Sung-Suk Bae1 , Hee-Jeung Jee2 , Yun-Ja Hwang3 , Ha-Rin Jang4 , Su-Jeong Kang4 , and Jeong-Hyun Lee4,†

1Department of Dental Hygiene, Hanseo University, Seosan 31962, 2Department of Bio Health Convergency Open Sharing System, Dental College, Dankook University, Cheonan 31116, 3Department of Center for Innovative Engineering Education, Dankook University, Yongin 16890, 4Department of Oral Anatomy, Dental College, Dankook University, Cheonan 31116, Korea
Correspondence to: Jeong-Hyun Lee, https://orcid.org/0000-0001-8358-8679
Department of Oral Anatomy, Dental College, Dankook University, 119 Dandae-ro, Dongnam-gu, Cheonan 31116, Korea
Tel: +82-41-550-1926, Fax: +82-41-559-7898, E-mail: 911105jh@dankook.ac.kr
Received May 28, 2024; Revised August 20, 2024; Accepted August 23, 2024.
This is an Open Access article distributed under the terms of the Creative Commons Attribution Non-Commercial License (http://creativecommons.org/licenses/by-nc/4.0) which permits unrestricted non-commercial use, distribution, and reproduction in any medium, provided the original work is properly cited.
Abstract
Background: Research is continuously being conducted on the relationship between the airway and malocclusion. The nose, as the upper part of the respiratory pathway, plays a critical role. While various international studies employ the Nasal Index classification for nasal morphology, domestic research remains scarce. This research investigates the proportions of nasal morphology in malocclusion patients utilizing a 3D software.
Methods: The study evaluated 100 malocclusion patients in their 20s (40 Class I, 34 Class II, 26 Class III). Cone-beam computed tomography was used with the Mimics (ver. 22; Materialise) 3D program to model the skull and soft tissues of the patients in three views: coronal, sagittal, and frontal.
Results: The results showed that in Class I, there were 5 leptorrhine (long and narrow) cases, 30 mesorrhine (moderate shape) cases, and 5 platyrrhine (broad and short) cases. In Class II, there were 3 leptorrhine, 25 mesorrhine, and 6 platyrrhine cases. In Class III, there were 2 leptorrhine, 21 mesorrhine, and 3 platyrrhine cases.
Conclusion: The findings of this study indicate that there is no significant correlation between the size of the nose and malocclusion in patients. Additionally, additional research related to this study is expected to be necessary.
Keywords : Cone-beam computed tomography, Korea, Malocclusion, Nasal, Nose
Introduction

1.Background

Positioned centrally on the face, the nose plays a vital role in identifying race, sex, and other features1,2). In forensic science, it is used for personal identification1). Additionally, the airway inside the nose is related to craniofacial development, making it highly important in orthodontics3). The nasal passage influences breathing patterns, which subsequently affect the growth and development of the craniofacial structure. For example, chronic nasal obstruction can lead to mouth breathing, which is associated with altered tongue posture, dental arch development, and even facial skeletal growth. Therefore, it has been observed that individuals with certain nasal types are more prone to developing malocclusions due to the influence of nasal airflow on oral and maxillofacial development. Studies by Allam et al.1) and He et al.2) have explored these relationships, highlighting the significance of nasal morphology in orthodontics and craniofacial development.

Among these studies, the Nasal Index (NI) classification method is used to categorize nasal morphology and is applied in nasal-related research. The NI classification divides the nose into four types: hyper leptorrhine (very narrow nose), leptorrhine (long and narrow nose), mesorrhine (medium nose), and platyrrhine (broad nose)4,5). Historically, NI was used in forensic science6), but it is now also being utilized in clinical fields4,7). Therefore, research on the nose is significant in modern society. However, most studies have been conducted internationally1,2,4-14), indicating a need for related research domestically.

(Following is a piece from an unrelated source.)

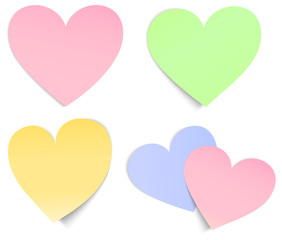 Vector heart shaped sticky papers in different colours.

Furthermore, the majority of studies have involved actual measurements of patients or measurements from 2D images obtained through cone-beam computed tomography (CBCT)1,2,4-14). In such cases, it is difficult to infer precise points, and measurement errors can occur, necessitating research utilizing 3D methods.

2.Objectives

This research seeks to verify the proportions of nasal morphology in malocclusion patients by utilizing a 3D software to model the skull and carrying out measurements and evaluations for NI classification.

Materials and Methods

1.Ethics statement

This study used CBCT data collected from patients who visited the dental hospital at Dankook University. The CBCT data were analyzed retrospectively after obtaining IRB approval, with a request for exemption from informed consent.

2.Study design

1) CBCT data

To ensure consistency, all data were collected by the same technician, with the Frankfort horizontal plane positioned perpendicular to the floor during imaging. The facial sagittal midline was aligned with the CBCT device (Alphard 3030; Asahi, Kyoto, Japan). Imaging parameters included a gantry angle of 0°, 120 kV, and auto mA. CBCT scanning involved a slice increment of 0.39 mm, a slice thickness of 0.39 mm, a slice pitch of 3, a scanning time of 4 seconds, and a 512 px×512 px matrix. All CBCT data were provided in DICOM format.

2) 3D image production

The provided DICOM files were processed using the 3D program Mimics (ver. 22; Materialise, Leuven, Belgium) to create models in three views: Coronal, Sagittal, and Frontal (Fig. 1). For 3D extraction of soft tissues, masking was performed with Hounsfield unit (HU) settings of Min −507 HU and Max 3,071 HU, and noise was removed using the Edit Mask function. The resulting data were converted to stereo lithography (STL) files using the Calculate Part function. The STL-converted soft tissues were measured using the Distance function.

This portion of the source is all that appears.